PREVENTATIVE MEASURES TO AVOID CLOGS
1 Disposers grind food into a paste that can collect in the drain line and eventually form a clog. Avoid oily or dense matter and flush the lines thoroughly with cold water after each use.
2 Hair and food clogs can be difficult to clear. Clean tubs and sinks regularly.
3 Don’t pour grease down the drain unless you have a grease trap.
4 Also, don't put dental floss, sanitary napkins, or paper towels down the toilet.
Unclogging Jammed Disposers
TOOLS: Flashlight, 1/4-inch alien wrench, a disposer wrench or adjustable wrench, broom handle
Disposers without hex sockets have a special wrench that comes with the disposer. Keep it in a location you’ll remember If it’s already lost or isn’t working, buy a replacement in the plumbing department of your home center.
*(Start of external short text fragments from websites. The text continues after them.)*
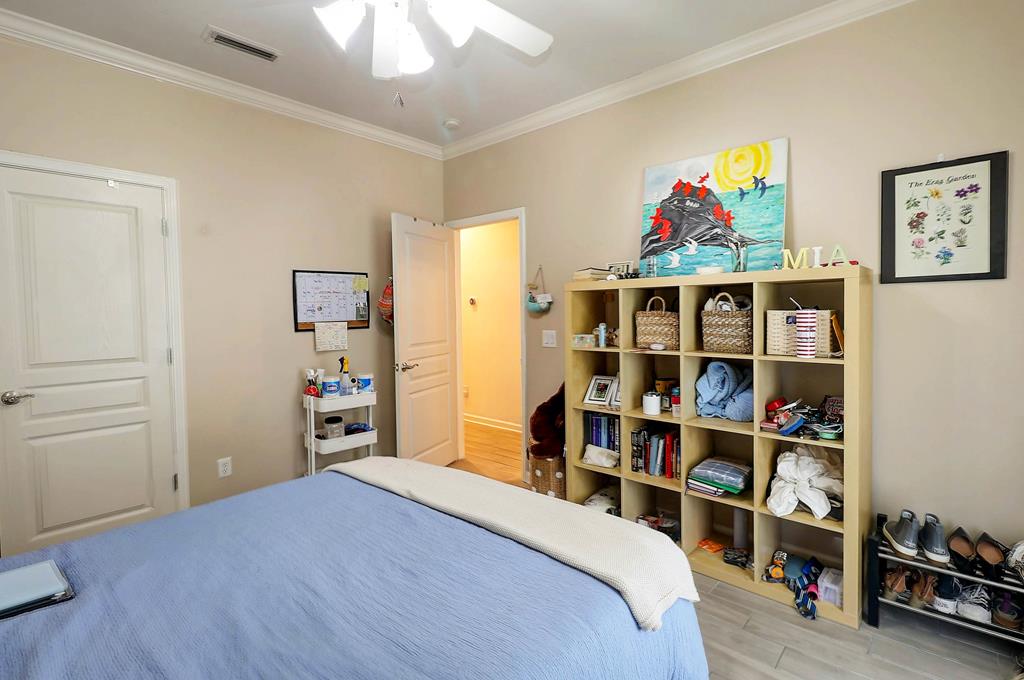 106 Abbey Ct.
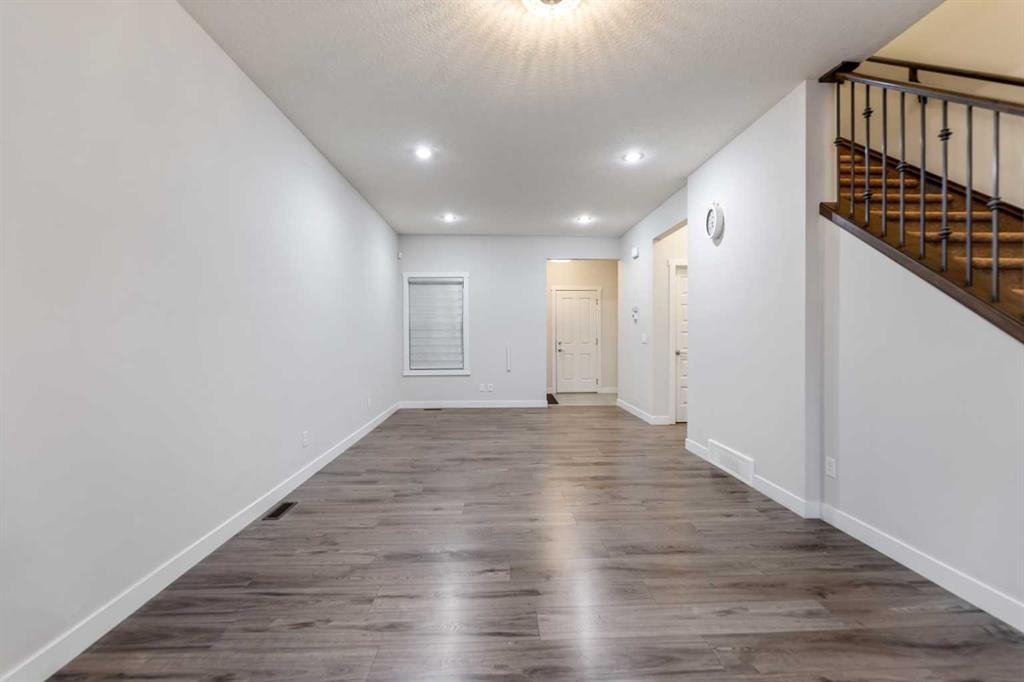 29 Saddlestone Link Ne, Calgary, AB - Indoor Photo Showing Other Room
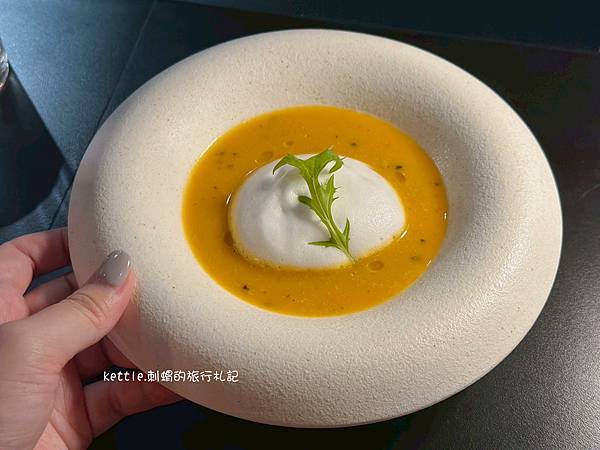 [台中西區]鐵F.f小餐廳:650元吃和牛!科博館無菜單料理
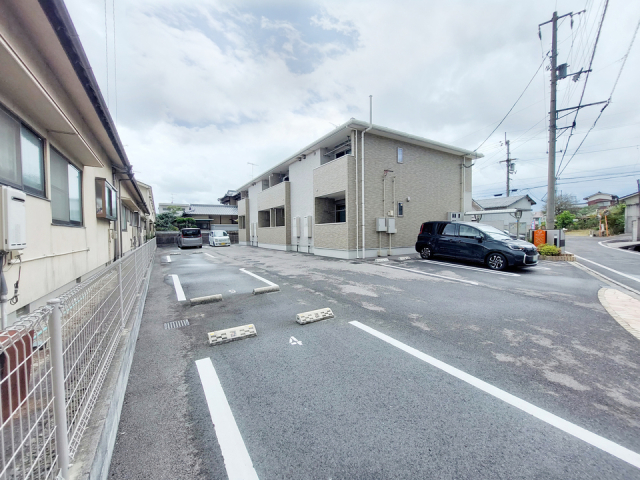 【松山市北斎院町のアパートの駐車場】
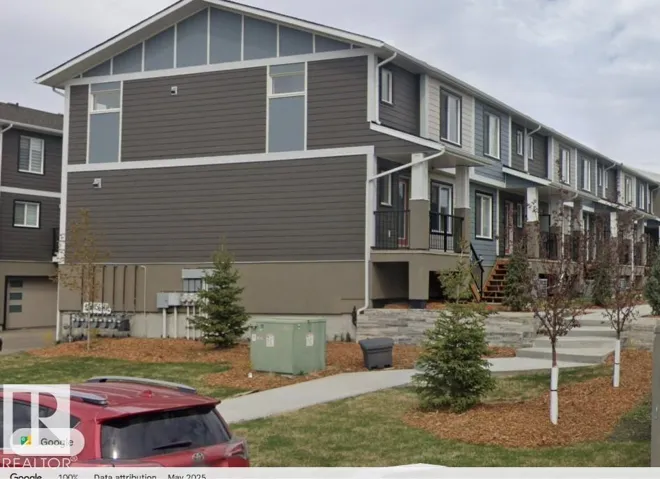 #1 9250 156 AV NW, Edmonton, Alberta T5Z3N7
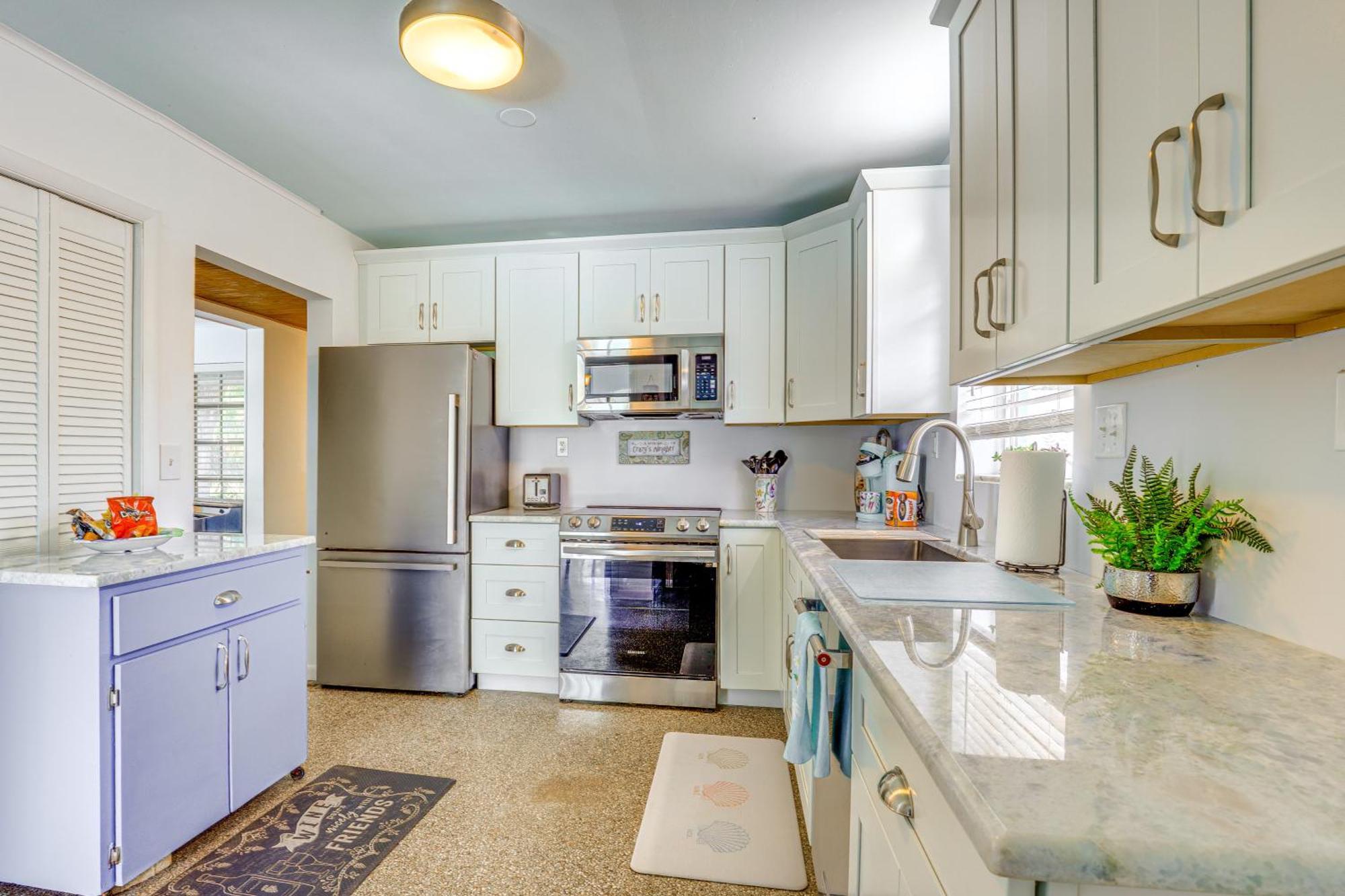 Holiday home Waterfront Vero With Pool And Boat Dock!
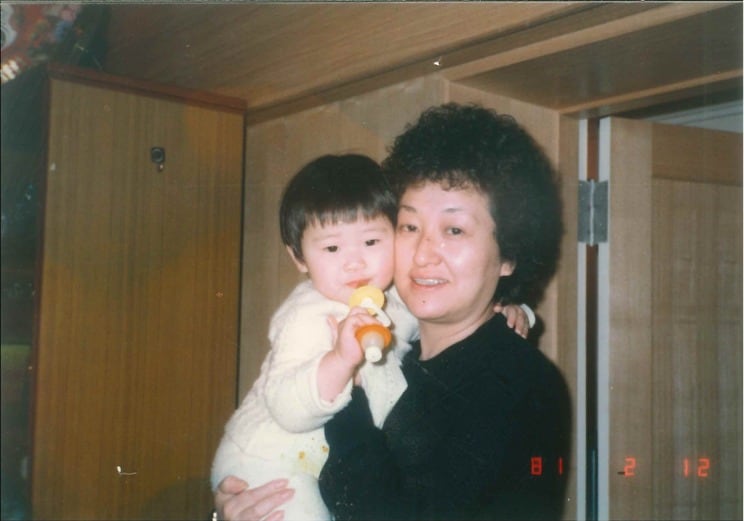 細木数子さん（写真右）を「ばぁば」と慕っていたかおりさん（左）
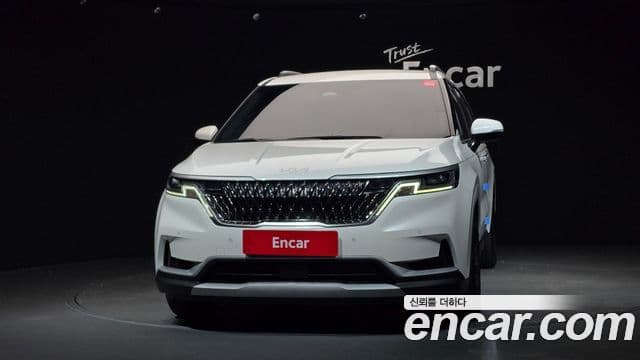 Kia Carnival 2023 — ფოტო 3/20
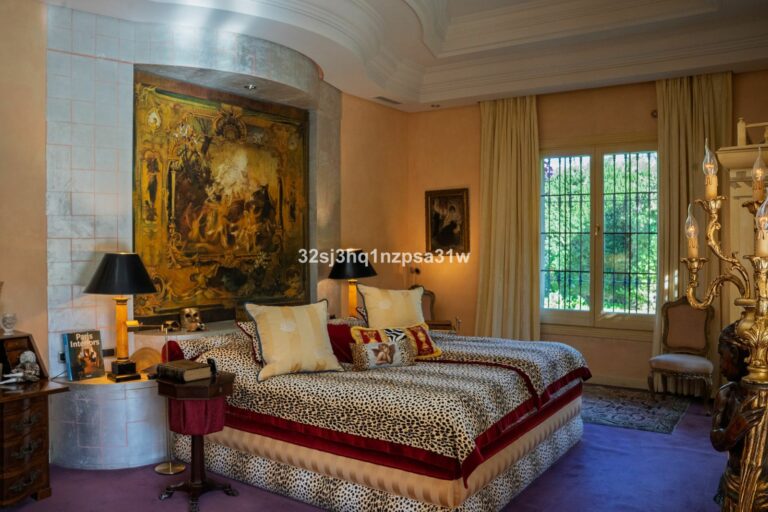 f3bb1e631be24545e573b949efd1c131 - 12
Turn off the power to the jammed disposer and unplug it. Look inside the opening with a flashlight to see what is jamming it. Remove the waste and restore power. If it’s still jammed, try the following:
• Check the bottom of the unit; press the reset button. Turn on the power. The disposer should run freely. If it’s still stuck, turn the power off.
• Insert a broom handle into the drain opening and try to free the impellers.
• Next, insert a 1/4-inch alien wrench into the hex socket on the bottom. The socket is connected to the impellers that crunch up the waste. Using the hex key turns the impellers in both directions to free them.
WORK SAFELY! Before reaching into a disposer, disconnect the power. Unplug the unit from the outlet. If there is no outlet, turn off the circuit breaker. Never stick your hand into a connected disposer.